The Republican National Committee chair turned NBC politics analyst Ronna McDaniel “enabled criminality and depravity” in her support for Donald Trump’s attempt to overturn the 2020 election, the former congresswoman Liz Cheney said as controversy swirled over McDaniel’s media role.
“Ronna facilitated Trump’s corrupt fake elector plot and his effort to pressure Michigan officials not to certify the legitimate election outcome,” Cheney, a Republican who was vice-chair of the House January 6 committee, wrote on social media.
“She spread his lies and called January 6 ‘legitimate political discourse’. That’s not ‘taking one for the team’. It’s enabling criminality and depravity.”
McDaniel rose in Republican politics as a member of the powerful Romney family before reportedly dropping the name at Trump’s behest and becoming RNC chair in 2017.
In February 2022, the RNC said Cheney and Adam Kinzinger, the other anti-Trump Republican on the committee that investigated the deadly attack on Congress on 6 January 2021, were engaged in the “persecution of ordinary citizens engaged in legitimate political discourse”.
Cheney lost her seat in Congress that year. Kinzinger chose to retire. McDaniel was eased out of the RNC last month, to be replaced in part by Lara Trump, the former president’s daughter-in-law.
McDaniel’s NBC role was announced last week.
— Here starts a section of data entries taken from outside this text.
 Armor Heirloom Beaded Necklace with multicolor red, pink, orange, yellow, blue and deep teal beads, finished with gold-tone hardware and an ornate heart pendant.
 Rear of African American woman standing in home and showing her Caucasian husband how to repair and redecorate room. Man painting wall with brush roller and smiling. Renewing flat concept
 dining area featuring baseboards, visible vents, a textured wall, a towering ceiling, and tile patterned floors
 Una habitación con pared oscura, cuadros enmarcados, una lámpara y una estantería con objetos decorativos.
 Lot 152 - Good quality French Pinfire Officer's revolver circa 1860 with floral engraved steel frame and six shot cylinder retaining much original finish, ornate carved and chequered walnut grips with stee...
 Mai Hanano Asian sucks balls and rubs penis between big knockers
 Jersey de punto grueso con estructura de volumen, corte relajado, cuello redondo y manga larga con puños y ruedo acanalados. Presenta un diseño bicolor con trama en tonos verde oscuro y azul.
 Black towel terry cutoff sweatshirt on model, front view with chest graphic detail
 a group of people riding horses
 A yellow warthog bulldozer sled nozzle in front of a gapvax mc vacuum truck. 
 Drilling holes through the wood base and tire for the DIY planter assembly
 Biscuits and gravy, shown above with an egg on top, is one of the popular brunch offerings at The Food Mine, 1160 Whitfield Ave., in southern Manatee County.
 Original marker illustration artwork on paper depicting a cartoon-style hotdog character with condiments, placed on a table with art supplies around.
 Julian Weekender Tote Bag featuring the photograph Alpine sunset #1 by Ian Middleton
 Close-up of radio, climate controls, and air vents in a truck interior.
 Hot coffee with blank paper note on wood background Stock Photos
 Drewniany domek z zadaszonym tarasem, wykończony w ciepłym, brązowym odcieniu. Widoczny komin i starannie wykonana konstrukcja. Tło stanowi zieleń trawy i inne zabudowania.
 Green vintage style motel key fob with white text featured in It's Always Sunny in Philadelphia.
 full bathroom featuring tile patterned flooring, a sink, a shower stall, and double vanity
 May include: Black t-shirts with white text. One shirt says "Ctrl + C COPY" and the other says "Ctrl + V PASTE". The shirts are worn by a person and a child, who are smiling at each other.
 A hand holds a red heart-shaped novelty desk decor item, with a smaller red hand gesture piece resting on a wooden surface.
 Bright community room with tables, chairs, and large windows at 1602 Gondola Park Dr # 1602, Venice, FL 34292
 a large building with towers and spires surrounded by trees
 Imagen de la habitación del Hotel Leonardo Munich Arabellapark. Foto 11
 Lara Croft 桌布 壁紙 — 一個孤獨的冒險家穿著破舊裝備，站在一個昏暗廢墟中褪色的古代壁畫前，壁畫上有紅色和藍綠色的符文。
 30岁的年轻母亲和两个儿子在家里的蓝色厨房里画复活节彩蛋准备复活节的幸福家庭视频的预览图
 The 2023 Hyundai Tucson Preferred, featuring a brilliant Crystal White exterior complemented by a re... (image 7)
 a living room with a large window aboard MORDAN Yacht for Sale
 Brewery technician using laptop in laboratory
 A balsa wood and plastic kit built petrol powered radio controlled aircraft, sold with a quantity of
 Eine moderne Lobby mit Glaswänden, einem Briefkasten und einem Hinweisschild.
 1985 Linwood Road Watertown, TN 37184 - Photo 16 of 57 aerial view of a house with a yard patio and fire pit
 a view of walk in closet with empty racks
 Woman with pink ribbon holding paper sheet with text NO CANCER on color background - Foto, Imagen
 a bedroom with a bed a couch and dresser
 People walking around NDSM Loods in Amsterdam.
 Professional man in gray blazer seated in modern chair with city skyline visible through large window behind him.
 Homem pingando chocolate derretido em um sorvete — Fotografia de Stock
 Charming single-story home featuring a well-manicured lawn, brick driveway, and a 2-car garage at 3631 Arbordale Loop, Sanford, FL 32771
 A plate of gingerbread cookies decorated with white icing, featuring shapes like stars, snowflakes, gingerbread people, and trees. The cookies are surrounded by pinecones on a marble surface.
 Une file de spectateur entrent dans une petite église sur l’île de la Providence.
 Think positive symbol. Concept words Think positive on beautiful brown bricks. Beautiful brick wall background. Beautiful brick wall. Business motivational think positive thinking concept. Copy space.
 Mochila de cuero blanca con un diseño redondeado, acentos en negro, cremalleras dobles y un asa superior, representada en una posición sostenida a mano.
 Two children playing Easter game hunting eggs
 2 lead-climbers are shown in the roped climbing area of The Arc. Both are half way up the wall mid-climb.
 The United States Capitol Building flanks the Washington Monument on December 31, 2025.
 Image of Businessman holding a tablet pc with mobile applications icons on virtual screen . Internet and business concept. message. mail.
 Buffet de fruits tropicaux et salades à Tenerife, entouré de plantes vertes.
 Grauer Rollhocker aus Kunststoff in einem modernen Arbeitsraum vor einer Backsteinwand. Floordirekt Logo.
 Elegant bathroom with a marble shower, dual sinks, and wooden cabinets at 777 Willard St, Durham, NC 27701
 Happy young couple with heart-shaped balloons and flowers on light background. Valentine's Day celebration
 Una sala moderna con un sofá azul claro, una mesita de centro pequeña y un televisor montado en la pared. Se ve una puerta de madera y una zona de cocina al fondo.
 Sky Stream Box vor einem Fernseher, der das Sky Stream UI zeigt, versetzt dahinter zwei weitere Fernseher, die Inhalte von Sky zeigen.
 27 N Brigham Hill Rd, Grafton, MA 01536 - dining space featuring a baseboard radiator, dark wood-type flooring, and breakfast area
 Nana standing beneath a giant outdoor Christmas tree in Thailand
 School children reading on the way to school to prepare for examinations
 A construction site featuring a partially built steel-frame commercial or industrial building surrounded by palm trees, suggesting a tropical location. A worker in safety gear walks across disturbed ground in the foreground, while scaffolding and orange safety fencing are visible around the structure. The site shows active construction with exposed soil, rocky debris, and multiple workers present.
On Sunday, she appeared on Meet the Press, the flagship politics show.
Characterising her support for Trump’s election fraud lies as “taking one for the whole team”, she said she did “not think violence should be in our political discourse” and that Biden won “fair and square” – but still claimed it was “fair to say there were problems [with battleground state elections] in 2020”.
A former Meet the Press host, Chuck Todd, issued an on-air protest.
“There’s a reason why there’s a lot of journalists at NBC News uncomfortable with this,” he told the current host, Kristin Welker, “because many of our professional dealings with the RNC over the last six years have been met with gaslighting, have been met with character assassination.”
Monday brought proliferating reports of staff discontent – and its open expression by two of the network’s biggest names.
On Morning Joe, the MSNBC show that often sets the Washington agenda, co-host Joe Scarborough, a former Republican congressman, said: “We’ve been inundated with calls this weekend, as have most people connected with this network, about NBC’s decision to hire” McDaniel.
“We learned about the hiring when we read about it in the press on Friday. We weren’t asked our opinion of the hiring but if we were, we would have strongly objected to it for several reasons including, but not limited to, as lawyers might say, Miss McDaniel’s role in Donald Trump’s fake elector scheme and her pressuring election officials to not certify election results while Donald Trump was on the phone.”
Scarborough’s wife and co-host, Mika Brzezinski, said: “To be clear, we believe NBC news should seek out conservative Republican voices to provide balance in their election coverage.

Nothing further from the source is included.